IIUC the MSI window will then be different when using legacy VFIO assignment and iommufd backend.
? They use the same, iommufd can have userspace override it. Then it will ignore the reserved region.
MSI reserved regions are exposed in /sys/kernel/iommu_groups/<n>/reserved_regions 0x0000000008000000 0x00000000080fffff msi
Is that configurability reflected accordingly?
?
Nothing using iommufd should parse that sysfs file.
How do you make sure it does not collide with other resv regions? I don't see any check here.
Yes this does need to be checked, it does look missing. It still needs to create a reserved region in the ioas when attaching to keep the areas safe and it has to intersect with the incoming reserved regions from the driver.
Yea, I found iopt_reserve_iova() is actually missed entirely...
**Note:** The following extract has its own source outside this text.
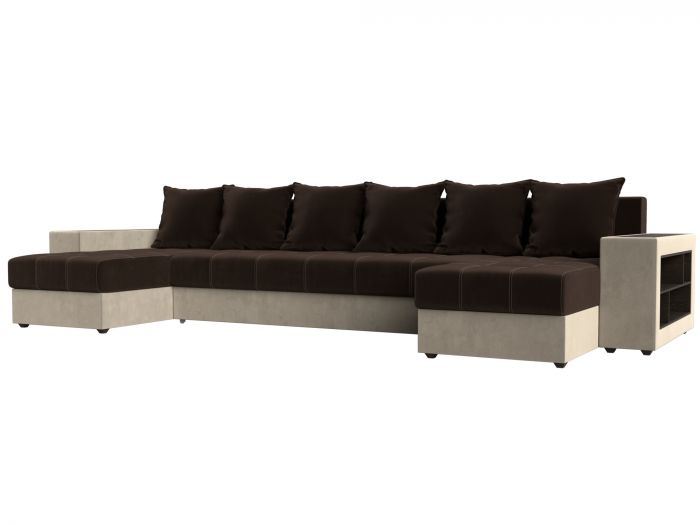 110598R П-образный диван Дубай полки справа | Микровельвет | Коричневый | Бежевый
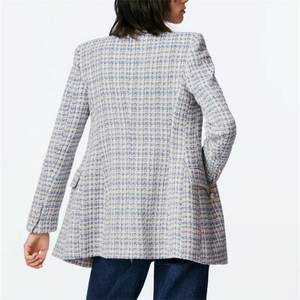 Shoulder Padded Tweed Blazer (Light Blue)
While fixing this, I see a way to turn the OPTIONs back to per- idev, if you still prefer them to be per-idev(?). Then, we can check a given input in the set_option() against the device's reserved region list from the driver, prior to device attaching to any HWPT.
Otherwise, we just rely on iopt_enforce_device_reserve_region() during an attach, keeping the option global to simplify VMMs.
Thanks Nicolin